▶ Exercise goal:
Skip pictures in the listing below; copy exactly the lines from the one with "Arizona Mens Everyday" through the one with "Pantalon large en jersey de nylon", inclusive.

▶ Source material:
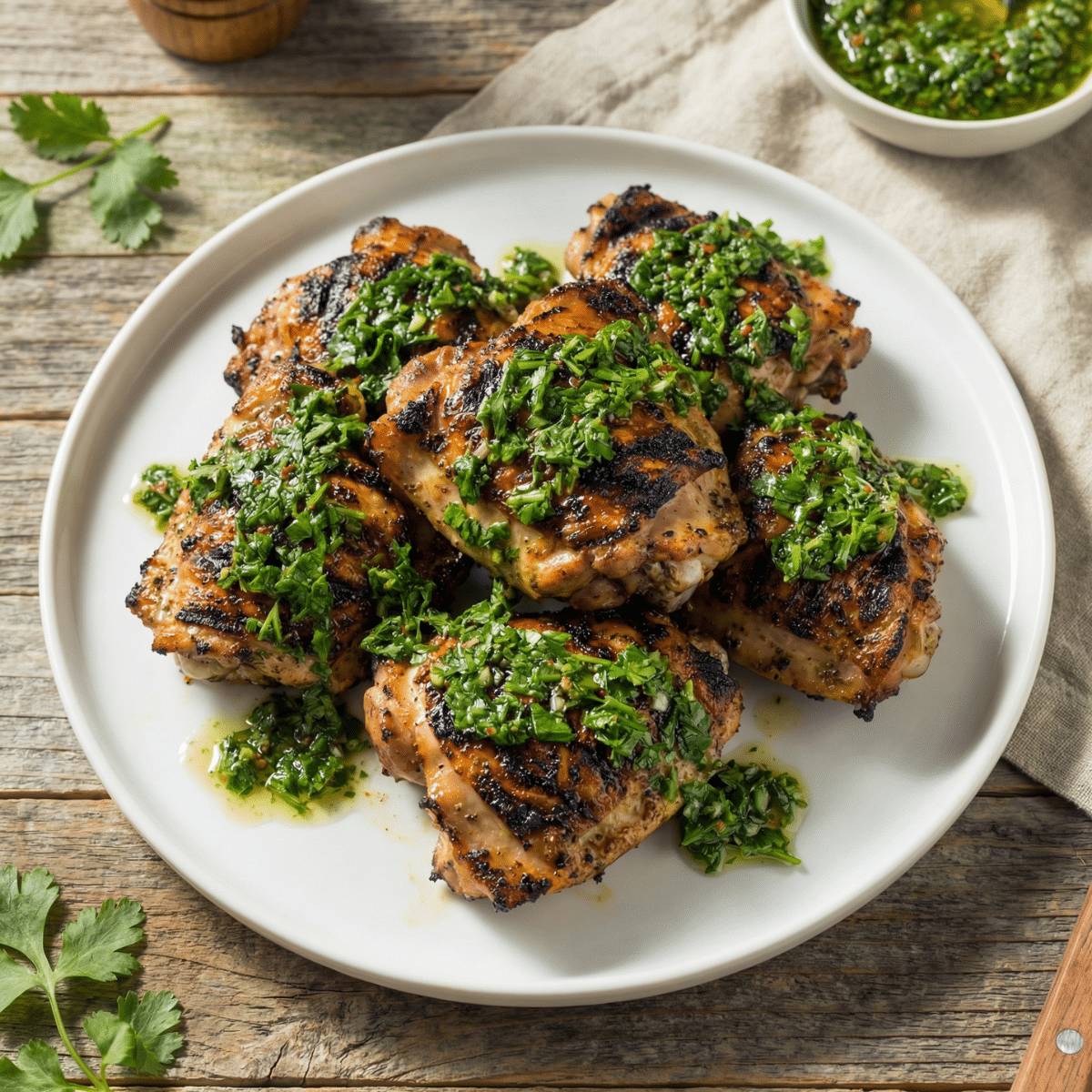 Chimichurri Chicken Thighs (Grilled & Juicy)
...
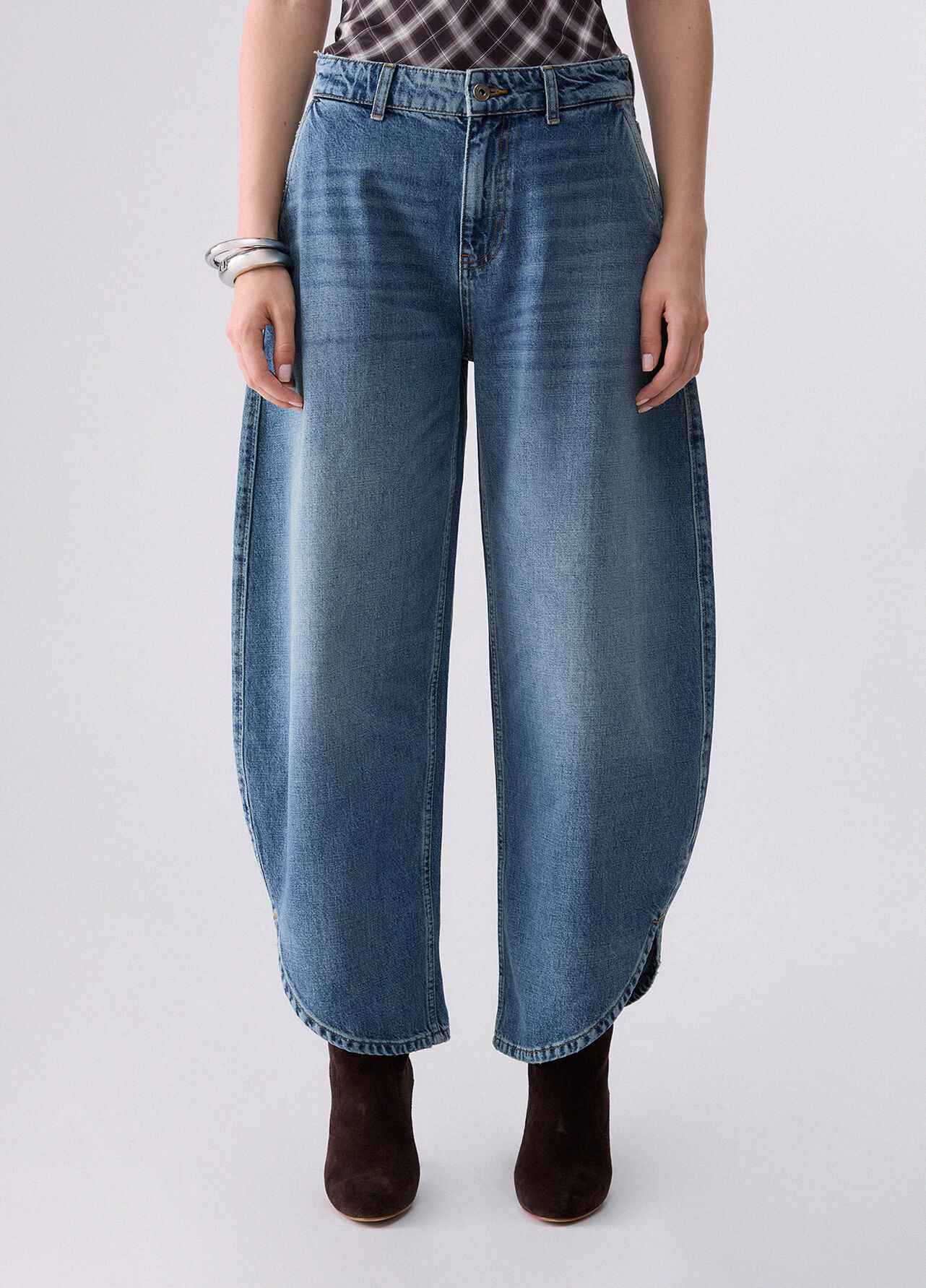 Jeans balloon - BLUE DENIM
---
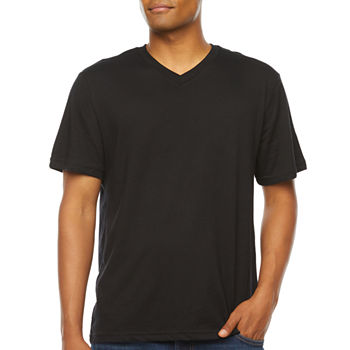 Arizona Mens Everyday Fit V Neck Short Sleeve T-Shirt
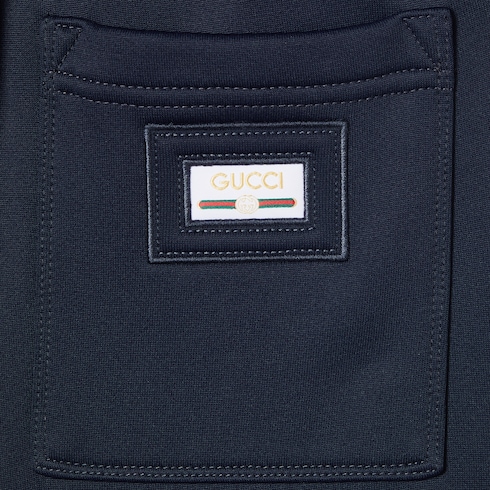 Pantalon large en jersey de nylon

▶ Result:
 Arizona Mens Everyday Fit V Neck Short Sleeve T-Shirt
 Pantalon large en jersey de nylon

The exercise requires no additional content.